Skip every picture, and output exactly the lines starting at the one with "ruchess_ru's tweet image." and running through the last line of the material below.

SUPPLIED DATA:
#####

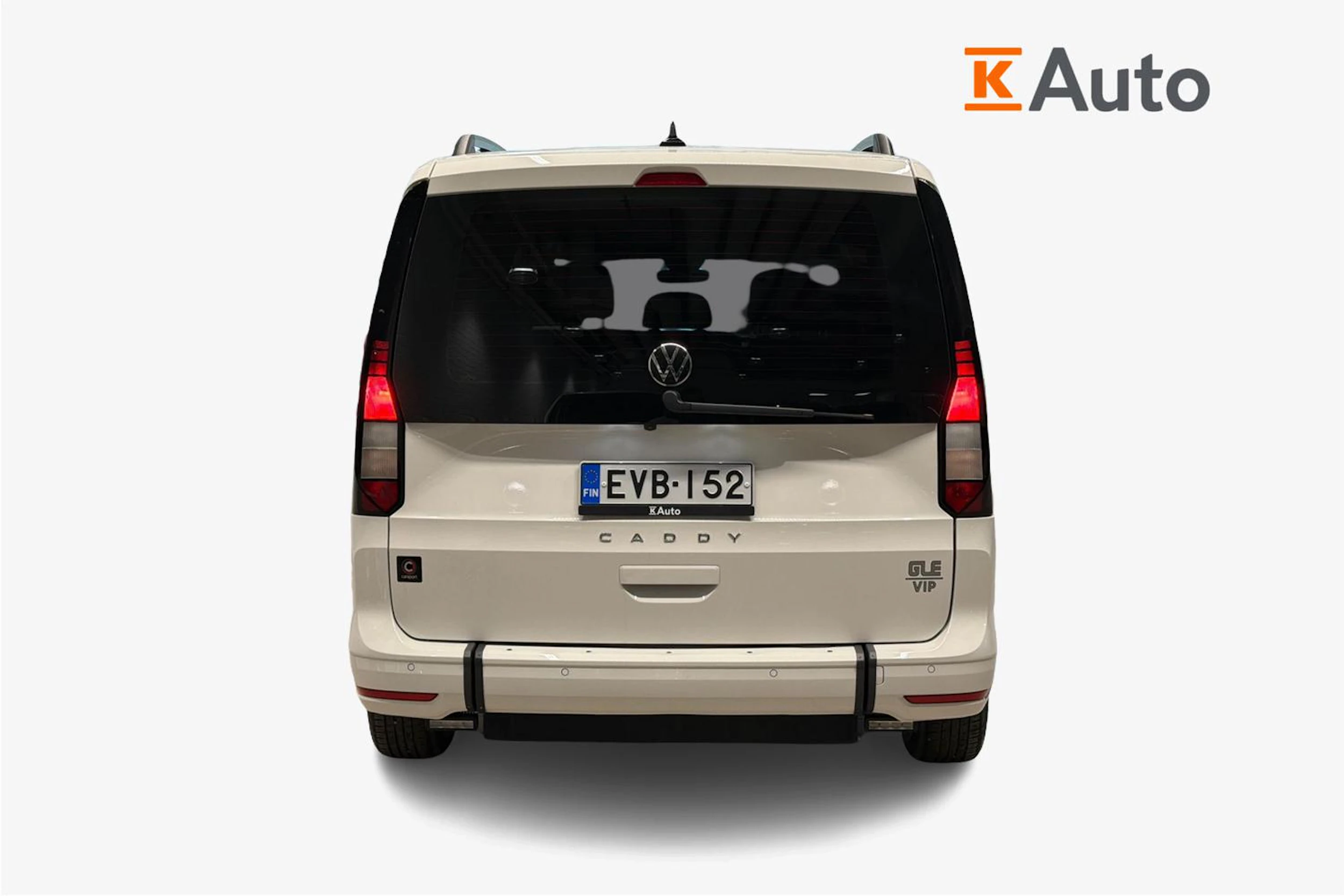 valkoinen Volkswagen Caddy Maxi 2024 kuva 4.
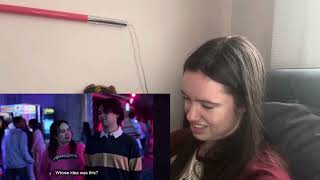 Cobra Kai 6x01  Core Four double date scene REACTION [upl. by Volin]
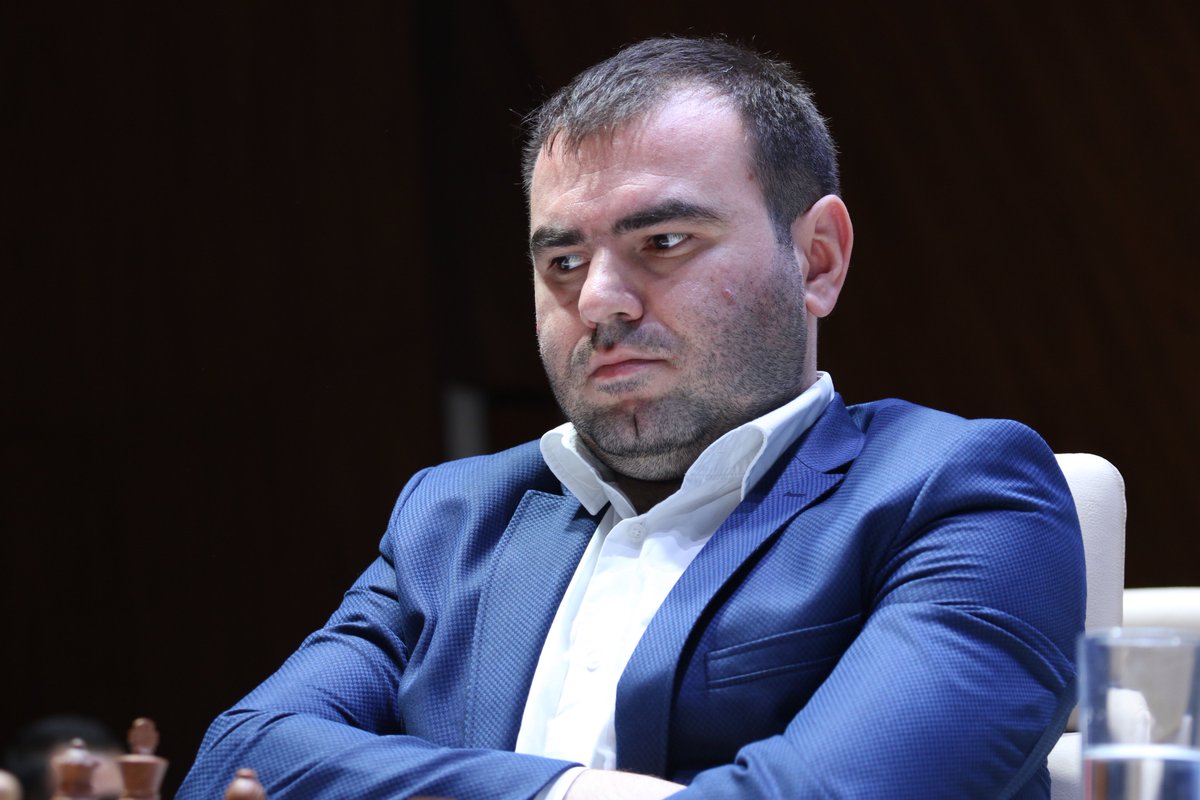 ruchess_ru's tweet image. В Шамкире начался первый тур Мемориала Вугара Гашимова. Фото Э. Кублашвили #ShamkirChess2017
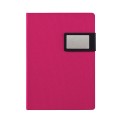 A5 Prestige notebook set cerise (P773.474)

#####

RESPONSE FOR THIS EXERCISE:
 ruchess_ru's tweet image. В Шамкире начался первый тур Мемориала Вугара Гашимова. Фото Э. Кублашвили #ShamkirChess2017
 A5 Prestige notebook set cerise (P773.474)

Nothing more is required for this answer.